Further, the United States contends that the Fourth Circuit improperly imagined situations where the Hobbs Act covers situations of attempted threats which would not meet the elements clause requirements under a categorical approach. Brief for Petitioner at 35. The United States argues, and notes other Circuits have also acknowledged, that a defendant essentially threatens the use of force in all cases where their actions were substantial enough to lead to an attempted Hobbs Act robbery conviction. Id. The United States thus contends that, even if the Fourth Circuit could imagine an attempted threat that did not satisfy the elements clause, these narrow possibilities do not satisfy the “realistic probability” requirement such that attempted Hobbs Act robbery could be excluded from the coverage of § 924(c)(3). Id. at 37.

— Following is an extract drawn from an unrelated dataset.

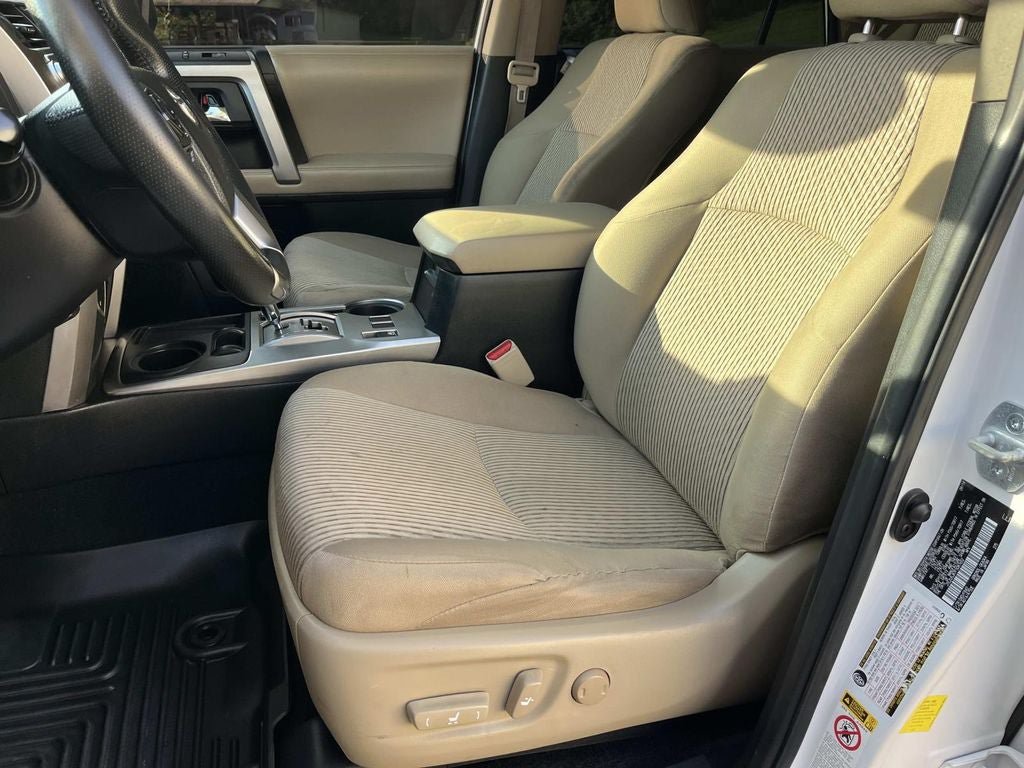 Used 2015 Toyota 4Runner SR5 RWD image 28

Taylor counters that, even if one finds that the elements clause of § 924(c)(3) covers common law robbery, the elements clause does not include some forms of attempted robbery that were directly excluded in the ACCA language and in § 924(c)(3). Brief for Respondent at 25. Contrary to the United States’ position, Taylor asserts that the ACCA elements clause, as with the § 924(c)(3) elements clause, requires “violent force” to constitute a crime of violence. Id. at 38. Thus, Taylor argues that the broad coverage proposed by the United States would undercut numerous decisions of previous courts requiring actual violent contact. Id. Given that an attempted threat does not involve any physical force like an assault, Taylor contends that an attempted threat does not categorically constitute a “crime of violence” because this minimum conduct would not satisfy the § 924(c)(3) elements clause. Id. at 13, 37.

Taylor further maintains that attempted threats do not meet the elements analysis regardless of whether they actually involve violence because the Hobbs Act criminalizes nonviolent attempted threats too. Brief for Respondent at 40. Taylor argues that past cases requiring a significant probability of the crime involved statutes that did not expressly criminalize the act. Id. at 43. Here, Taylor contends the Hobbs Act is clearly broader than the elements clause because it criminalizes mere attempted threats of force. Id. Contrary to the United States’ claims, Taylor argues that nonviolent attempted threats occur frequently. Id. at 45. Furthermore, Taylor contends that the Hobbs Act is ambiguous enough to be subject to the rule of lenity, and thus must be interpreted in the defendant’s favor. Id. at 49.